Hoy, Victoria está por terminar la primaria, y ya planea seguir con la secundaria. Sus hijos la alientan a seguir adelante. “Me dicen que no ponga más ‘primaria incompleta’, ahora puedo poner ‘en curso’”, dice. Y también cuenta que su nieto de diez años le pregunta: “¿Qué tal te fue en la escuela, Yaya?”. En casa, todos la apoyan, y el hecho de volver a estudiar juntos ha generado un vínculo aún más fuerte: “Estudiamos juntos”, dice orgullosa.
La búsqueda de oportunidades
La historia de Irene está marcada por las dificultades que enfrentó como migrante. De origen boliviano, se crió con su abuelo, quien no pudo ofrecerle la estabilidad económica necesaria para ir a la escuela. “Estudié hasta quinto grado, pero mi abuelito ya no tenía plata y me tuve que ir a Buenos Aires a trabajar”, dice. Tenía doce años.
En Buenos Aires trabajaba como empleada doméstica, y, aunque quería seguir estudiando, sus patrones le dijeron que no iba a ser posible: como no tenía documento argentino no iba a poder. Pasó seis años en la capital trabajando y luego volvió a Bolivia, donde nuevamente se encontró con barreras para retomar su educación. “Cuando quería estudiar, me decían que ya era vieja, que me iba a dar vergüenza”.
Después de varios años, Irene regresó a Argentina, primero fue a Buenos Aires y luego viajó a Mendoza, junto a su pareja. La provincia suele recibir a migrantes que viajan por la vendimia y las cosechas; muchos se quedan. Fue allí, donde una vecina la alentó a retomar los estudios. “Si querés estudiar, podés”, le dijo y desechó todo lo que los otros le habían estado diciendo durante años. Con ese impulso, Irene se inscribió en una escuela para adultos y comenzó a cursar la primaria. “Estuve tres años y ahora este año estoy en la secundaria”, dice con satisfacción.
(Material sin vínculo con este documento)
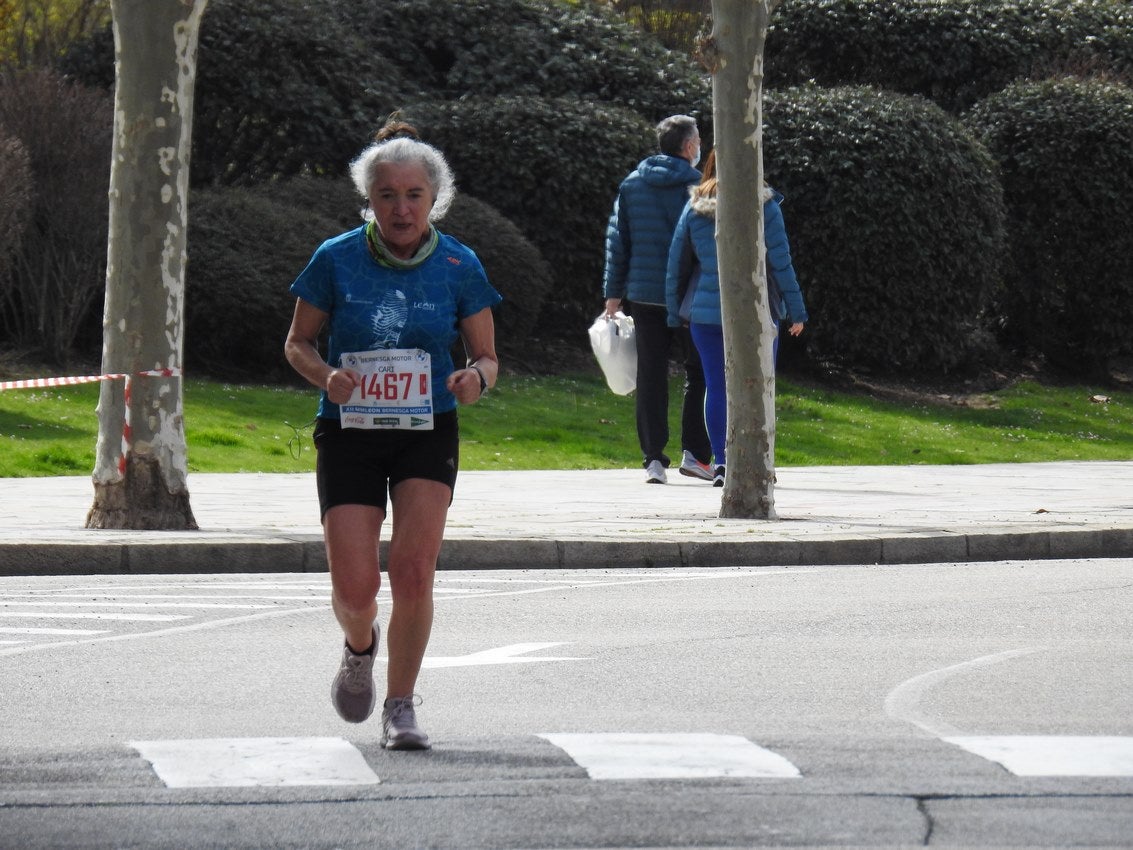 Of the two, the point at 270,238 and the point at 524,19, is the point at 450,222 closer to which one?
the point at 270,238

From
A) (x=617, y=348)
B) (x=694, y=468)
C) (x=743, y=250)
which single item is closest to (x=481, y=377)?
(x=743, y=250)

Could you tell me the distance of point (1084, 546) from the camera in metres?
11.4

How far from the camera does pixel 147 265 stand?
11281 mm

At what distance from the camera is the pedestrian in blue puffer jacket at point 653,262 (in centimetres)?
1489

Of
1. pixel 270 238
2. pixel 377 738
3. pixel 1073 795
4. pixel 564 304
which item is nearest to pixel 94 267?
pixel 270 238

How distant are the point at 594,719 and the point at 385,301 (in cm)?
143

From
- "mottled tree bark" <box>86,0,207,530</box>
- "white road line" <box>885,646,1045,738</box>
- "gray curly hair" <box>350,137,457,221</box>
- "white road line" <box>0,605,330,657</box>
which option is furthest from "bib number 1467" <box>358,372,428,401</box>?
"mottled tree bark" <box>86,0,207,530</box>

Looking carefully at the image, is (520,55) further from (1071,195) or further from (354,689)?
(354,689)

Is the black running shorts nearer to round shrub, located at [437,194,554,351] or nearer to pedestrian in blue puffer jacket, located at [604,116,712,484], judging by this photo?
pedestrian in blue puffer jacket, located at [604,116,712,484]

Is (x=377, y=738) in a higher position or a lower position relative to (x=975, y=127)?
lower

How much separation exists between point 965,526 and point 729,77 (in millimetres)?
2896

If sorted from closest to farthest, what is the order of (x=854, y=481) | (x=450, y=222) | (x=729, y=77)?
(x=729, y=77)
(x=854, y=481)
(x=450, y=222)

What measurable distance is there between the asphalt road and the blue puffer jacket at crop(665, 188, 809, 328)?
4.20 meters

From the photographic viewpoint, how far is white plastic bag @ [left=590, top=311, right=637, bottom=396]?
49.2 ft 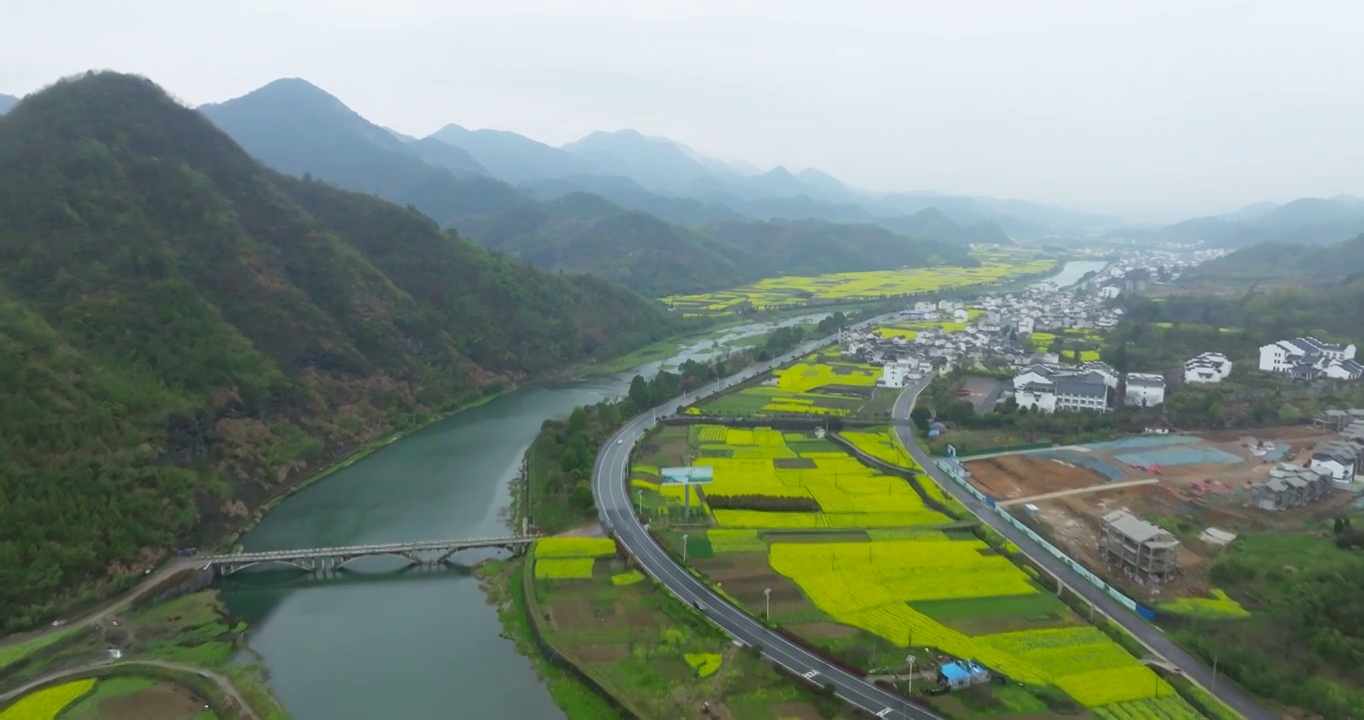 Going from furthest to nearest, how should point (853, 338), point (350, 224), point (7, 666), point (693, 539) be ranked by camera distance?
point (853, 338)
point (350, 224)
point (693, 539)
point (7, 666)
Hoy, Irene es ama de casa y cuida de sus dos hijos más pequeños, uno de ellos con discapacidad. Y aunque el día a día es exigente, sus hijos la alientan a continuar. Su hija, que también está en primer año de la secundaria, comparte con ella las tareas y las conversaciones sobre las materias que estudian. “Siempre estamos charlando de cómo hacer las tarea, si es igual o no a lo que ella hace en la escuela y lo que yo hago”, dicen. Madre e hija ahora encuentran puntos en común en sus aprendizajes, comparando materias y hablando de la importancia de la educación.
La educación como meta familiar
Basilia tenía el sueño de estudiar para ser enfermera o policía. Pero un embarazo a los 15 le interrumpió estudios. Su mamá la decía que siguiera estudiando, “Pero tuve a mi nena y no quería dejarla sola”, dice.
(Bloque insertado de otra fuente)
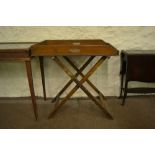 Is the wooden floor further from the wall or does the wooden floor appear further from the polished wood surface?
the polished wood surface

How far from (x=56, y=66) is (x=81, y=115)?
2.46ft

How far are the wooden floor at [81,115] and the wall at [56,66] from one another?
7.0 inches

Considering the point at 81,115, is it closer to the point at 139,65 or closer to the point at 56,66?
the point at 56,66

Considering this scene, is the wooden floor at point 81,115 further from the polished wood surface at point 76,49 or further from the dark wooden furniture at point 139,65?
the polished wood surface at point 76,49

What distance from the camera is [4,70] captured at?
2705 mm

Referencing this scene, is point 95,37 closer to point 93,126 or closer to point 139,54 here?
point 139,54

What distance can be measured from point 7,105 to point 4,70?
46 cm

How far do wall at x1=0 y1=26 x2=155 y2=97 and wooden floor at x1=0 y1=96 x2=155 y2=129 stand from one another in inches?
7.0

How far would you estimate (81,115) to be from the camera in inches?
93.2

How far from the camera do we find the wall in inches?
101

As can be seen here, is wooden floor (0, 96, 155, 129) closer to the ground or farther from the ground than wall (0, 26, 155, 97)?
closer to the ground

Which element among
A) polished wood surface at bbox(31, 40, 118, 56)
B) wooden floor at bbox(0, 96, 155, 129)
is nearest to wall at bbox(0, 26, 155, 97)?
wooden floor at bbox(0, 96, 155, 129)

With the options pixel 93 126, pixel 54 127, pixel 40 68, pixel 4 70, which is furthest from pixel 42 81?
pixel 93 126

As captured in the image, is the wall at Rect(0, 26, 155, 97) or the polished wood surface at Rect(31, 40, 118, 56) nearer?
the polished wood surface at Rect(31, 40, 118, 56) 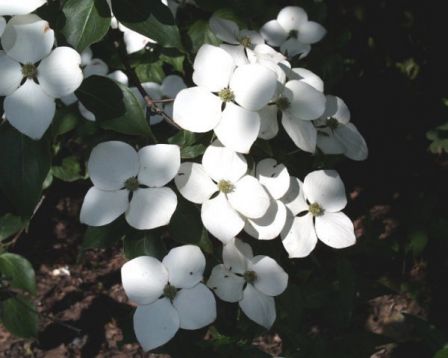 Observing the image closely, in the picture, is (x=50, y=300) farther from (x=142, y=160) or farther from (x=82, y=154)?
(x=142, y=160)

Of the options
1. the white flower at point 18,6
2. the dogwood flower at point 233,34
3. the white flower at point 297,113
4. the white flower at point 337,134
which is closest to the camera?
the white flower at point 18,6

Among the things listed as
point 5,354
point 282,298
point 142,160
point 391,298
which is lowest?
point 5,354

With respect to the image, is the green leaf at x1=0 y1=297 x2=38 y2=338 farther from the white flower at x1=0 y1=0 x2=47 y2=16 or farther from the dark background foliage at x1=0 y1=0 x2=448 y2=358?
the white flower at x1=0 y1=0 x2=47 y2=16

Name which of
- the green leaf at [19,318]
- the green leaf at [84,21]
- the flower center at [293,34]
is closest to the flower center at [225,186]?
the green leaf at [84,21]

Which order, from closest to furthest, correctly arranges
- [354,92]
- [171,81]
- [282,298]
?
[282,298] < [171,81] < [354,92]

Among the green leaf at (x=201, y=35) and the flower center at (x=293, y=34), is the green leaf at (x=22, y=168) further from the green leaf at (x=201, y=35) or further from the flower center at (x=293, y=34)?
the flower center at (x=293, y=34)

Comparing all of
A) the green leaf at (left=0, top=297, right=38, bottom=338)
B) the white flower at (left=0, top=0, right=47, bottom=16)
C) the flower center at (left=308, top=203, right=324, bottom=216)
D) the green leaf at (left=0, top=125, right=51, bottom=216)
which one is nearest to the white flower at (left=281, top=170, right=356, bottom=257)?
the flower center at (left=308, top=203, right=324, bottom=216)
Basilia también es boliviana. Y cuando llegó a la Argentina, sintió nuevamente el impulso de terminar la secundaria. Pero ahora, la barrera tomó la forma de un miedo a volver muy tarde en la oscuridad cuando saliera de la escuela nocturna. Le costó, pero pudo superar ese temor y empezó a preguntar cómo podía hacer para terminar el último año de secundaria. “La maestra Etelvina —la nombra con cariño— me dijo que tenía que hacer un trámite”, dice. Los trámites burocráticos la llevaron de vuelta a Bolivia, donde, después de un largo proceso entre Santa Cruz y Potosí, logró obtener los documentos para revalidar sus estudios. Aquí tuvo que comenzar desde el primer año, pero no lo sintió como una carga. “Me costaba empezar de vuelta”, dice, “pero mi marido me apoya”.
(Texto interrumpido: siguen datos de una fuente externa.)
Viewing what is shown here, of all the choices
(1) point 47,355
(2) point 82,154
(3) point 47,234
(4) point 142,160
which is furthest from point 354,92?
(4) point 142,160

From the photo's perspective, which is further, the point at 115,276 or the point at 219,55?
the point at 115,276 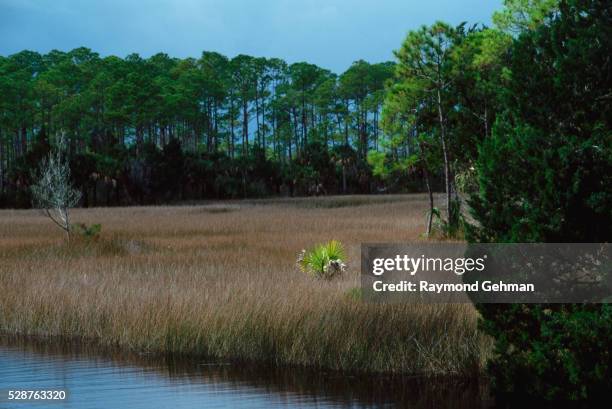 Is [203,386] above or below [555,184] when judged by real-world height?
below

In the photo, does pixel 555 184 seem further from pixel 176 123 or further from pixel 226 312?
pixel 176 123

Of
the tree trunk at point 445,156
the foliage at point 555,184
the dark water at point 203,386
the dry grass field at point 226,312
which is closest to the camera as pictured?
the foliage at point 555,184

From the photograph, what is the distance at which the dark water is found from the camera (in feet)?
32.2

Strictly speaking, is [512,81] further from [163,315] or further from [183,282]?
[183,282]

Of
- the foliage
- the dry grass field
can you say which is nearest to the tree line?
the dry grass field

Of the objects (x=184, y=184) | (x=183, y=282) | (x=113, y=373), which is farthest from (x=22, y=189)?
(x=113, y=373)

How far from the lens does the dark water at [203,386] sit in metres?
9.82

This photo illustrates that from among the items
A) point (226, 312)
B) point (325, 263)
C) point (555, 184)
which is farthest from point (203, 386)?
point (325, 263)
Basilia no estudia sola. En casa, comparte el escritorio con sus hijas, que están en primero y tercero de primaria. Juntas se sientan a hacer las tareas y a resolver dudas. “Nos ponemos a estudiar en el escritorio”, dice. Para ella, retomar los estudios ha sido un desafío, pero también una oportunidad de fortalecer la relación con sus hijas. “Es difícil empezar de nuevo, pero seguimos adelante”, concluye con determinación.